Serial dependence effects using all prior-trial history (unfiltered).

(A) W-bias as a function of n-back lag, comparing high-visibility (solid blue), low-visibility (dashed blue), and all prior trials (yellow). Data pooled across conditions. (B) W-bias decay across n-back lags for each experimental condition (dummy, 1loc, 2loc) using all prior trials. As with the high-visibility prior analysis, biases decayed more rapidly in the 1loc condition, while persisting further back in trial history for the 2loc and dummy conditions. (C) Individual SDE values by condition for SDE-recent (left) and SDE-distant (right). Bars indicate group means; dots represent individual observers. As with the high-visibility prior analysis, recent SDEs were consistent across conditions (dummy: 29 ± 3%; 1loc: 29 ± 2%; 2loc: 28 ± 2%; F(2,47) = 0.08, p = 0.92), whereas distant SDEs were significantly stronger in the 2loc and dummy conditions compared to the 1loc condition (dummy: 12 ± 2%; 1loc: 3 ± 1%; 2loc: 11 ± 1%; F(2,47) = 11.27, p = 0.001). Post-hoc Tukey tests confirmed that SDE-distant was significantly lower in the 1loc condition compared to both the dummy (***p < 0.001) and 2loc (**p < 0.01) conditions. (D) Group-level comparison of learning transfer (blue), SDE-distant (solid red), and SDE-recent (dotted red) across the three experimental conditions (dummy, 1loc, 2loc). Transfer and SDE values are plotted on separate axes, with SDE measures normalized by subtracting the mean of the 1loc condition. Conditions showing greater learning generalization (dummy, 2loc) also exhibited stronger SDE-distant effects. In contrast, SDE-recent was relatively constant across conditions, suggesting that generalization was primarily linked to distant serial dependence. (E) Across observers, learning transfer was not significantly correlated with SDE-distant (r=0.23, p=0.11, N=50), suggesting that using all prior-trial history reduces the effect. (F) SDE-distant values were normalized to the 1-back effect to estimate the temporal decay constant of SDE, reflecting how long biases persisted across trials. Observers with longer decay constants showed greater learning transfer (r=0.35, p=0.012, N=50), similar to the high-visibility prior analysis. (G) No significant correlation was found between SDE-recent and learning transfer (r=-0.16, p=0.27, N=50), suggesting that recent serial dependence does not predict generalization. In E-G, shaded regions denote 95% bootstrap confidence sleeves around the orthogonal regression fit.

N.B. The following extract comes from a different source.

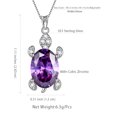 thumbnail image 5 of Juwaliy Turtle Necklace Amethyst February Birthstone Charm 925 Sterling Silver Purple Pendant Jewelry Women Daughter Wife Mother Christmas Birthday Gift for Her, 5 of 9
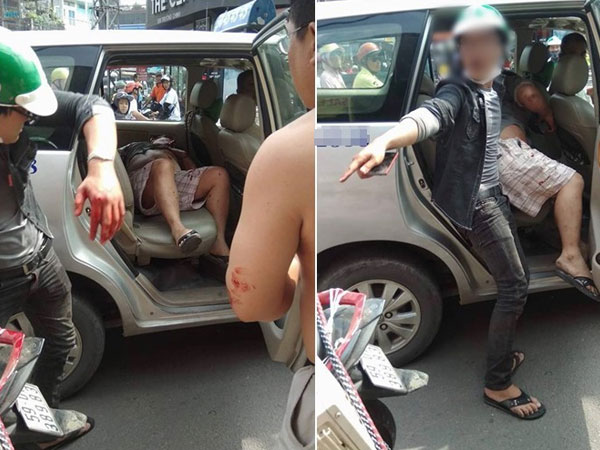 Sau va chạm nhỏ, nam thanh niên đội mũ GrabBike rút hung khí đâm người đi đường trọng thương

Simulated bias as a function of lag (trials) for four conditions: (1) high volatility with sticky prior, simulating the dummy condition, (2) low volatility with sticky prior, simulating the 1loc condition, and (3) high volatility without sticky prior, and (4) low volatility without sticky prior.

Condition 3 (dummyP-) reflects pure template-learning SDE (i.e., serial dependence arising from template updates alone). Results averaged across 100 runs (different random seed), 100K trials each. gV = 0.005 for dummy, gV = 0 for 1loc. Compare with Figure 6A in main text.

SDE and learning generalization.

Plotted are re-learning times (in trial units) as a function of bias, for three lags (1, 4, 10), with (top) and without (bottom) sticky priors. The results qualitatively demonstrate the phenomenon observed in the experiments: larger biases correlate with faster re-learning upon stimulus change. Color code represents mean volatility (Q) corresponding to specific relearning-lag pairs.